WORK REQUEST: For the records below, copy exactly the span that begins at the line containing "L-r: FBD head" and stops after the line containing "Straight Leg Scuba Pant-Dark Denim", minus any pictures.

::: EXERCISE DATA

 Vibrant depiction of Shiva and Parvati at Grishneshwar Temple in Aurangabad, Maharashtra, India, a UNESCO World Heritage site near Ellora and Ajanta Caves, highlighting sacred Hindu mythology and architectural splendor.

::::::
::: EXERCISE DATA

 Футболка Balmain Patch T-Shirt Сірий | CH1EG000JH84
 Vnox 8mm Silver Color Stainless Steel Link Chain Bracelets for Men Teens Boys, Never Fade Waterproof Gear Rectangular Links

::::::
::: EXERCISE DATA

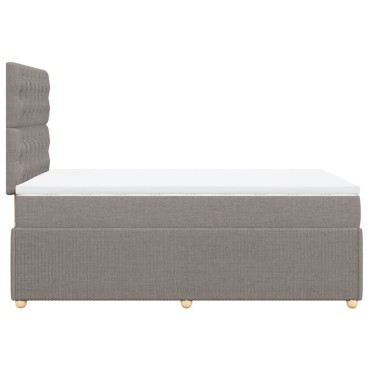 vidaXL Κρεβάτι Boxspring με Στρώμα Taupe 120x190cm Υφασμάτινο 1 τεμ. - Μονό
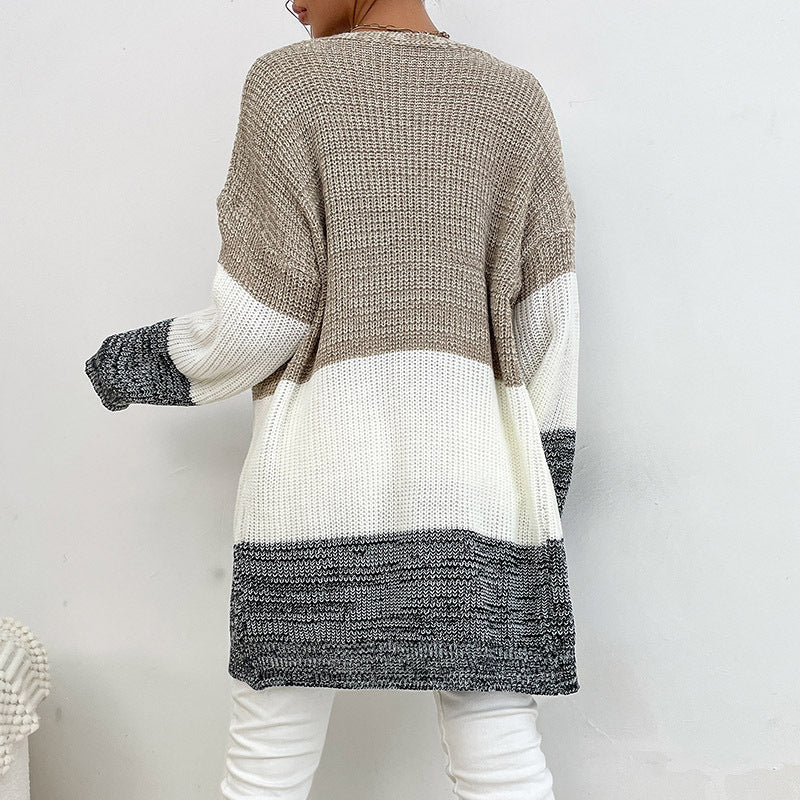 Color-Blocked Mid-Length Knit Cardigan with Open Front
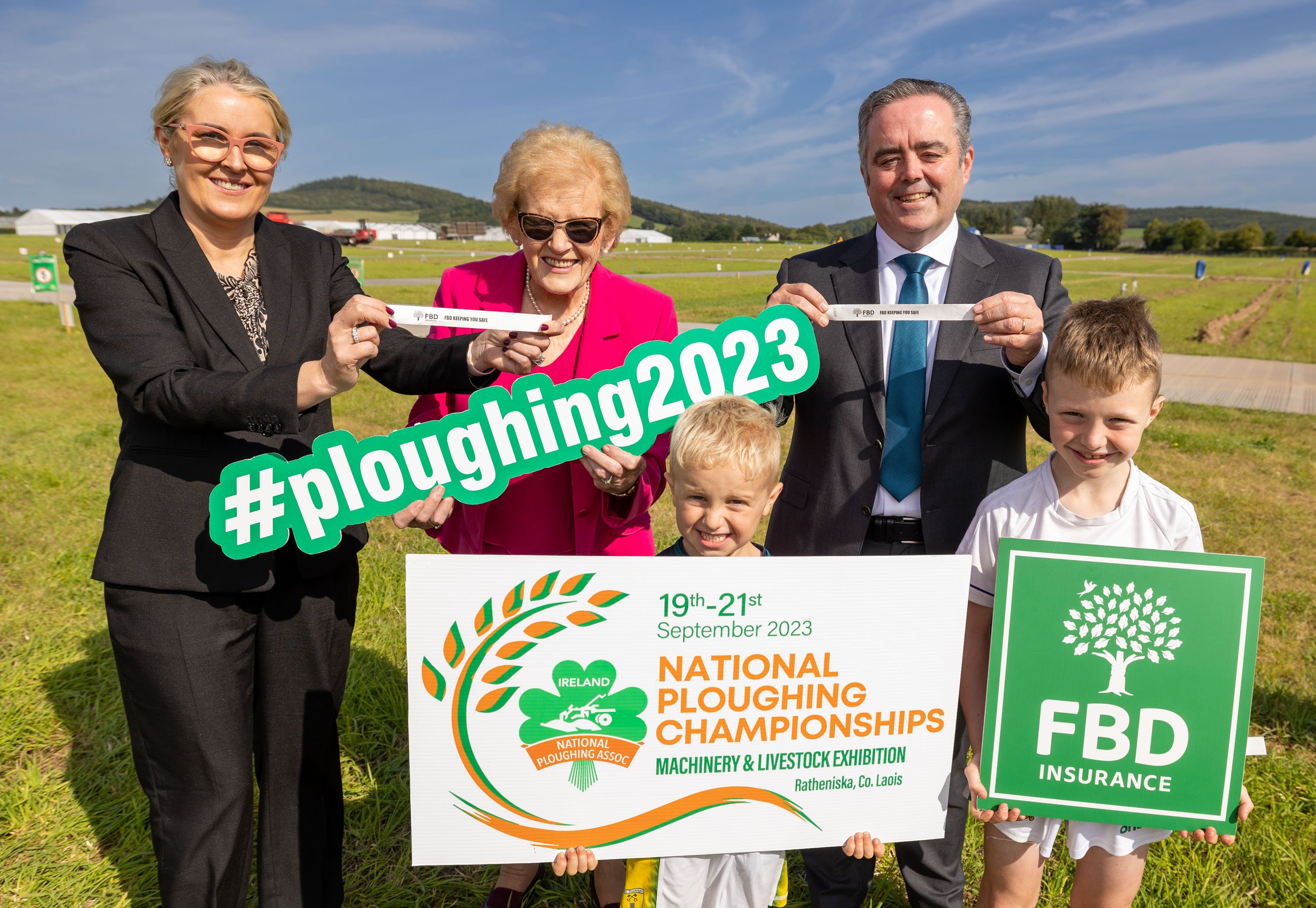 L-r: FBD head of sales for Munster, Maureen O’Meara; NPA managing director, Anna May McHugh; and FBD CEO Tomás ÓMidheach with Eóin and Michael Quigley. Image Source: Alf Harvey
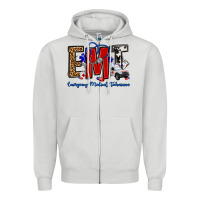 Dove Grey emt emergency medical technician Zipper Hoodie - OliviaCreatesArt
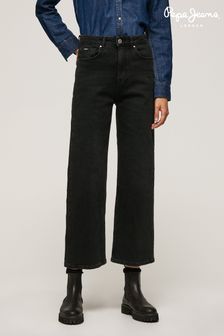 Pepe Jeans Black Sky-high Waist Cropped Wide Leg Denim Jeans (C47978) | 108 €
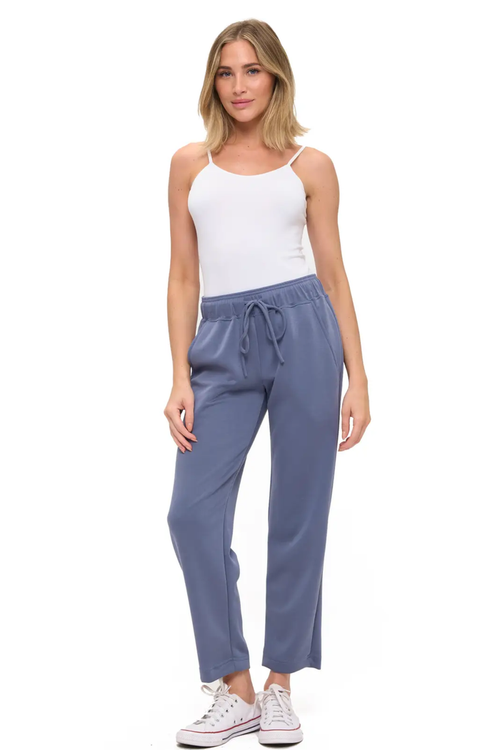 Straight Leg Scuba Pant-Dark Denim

::::::

RESULT FOR THIS EXERCISE:
 L-r: FBD head of sales for Munster, Maureen O’Meara; NPA managing director, Anna May McHugh; and FBD CEO Tomás ÓMidheach with Eóin and Michael Quigley. Image Source: Alf Harvey
 Dove Grey emt emergency medical technician Zipper Hoodie - OliviaCreatesArt
 Pepe Jeans Black Sky-high Waist Cropped Wide Leg Denim Jeans (C47978) | 108 €
 Straight Leg Scuba Pant-Dark Denim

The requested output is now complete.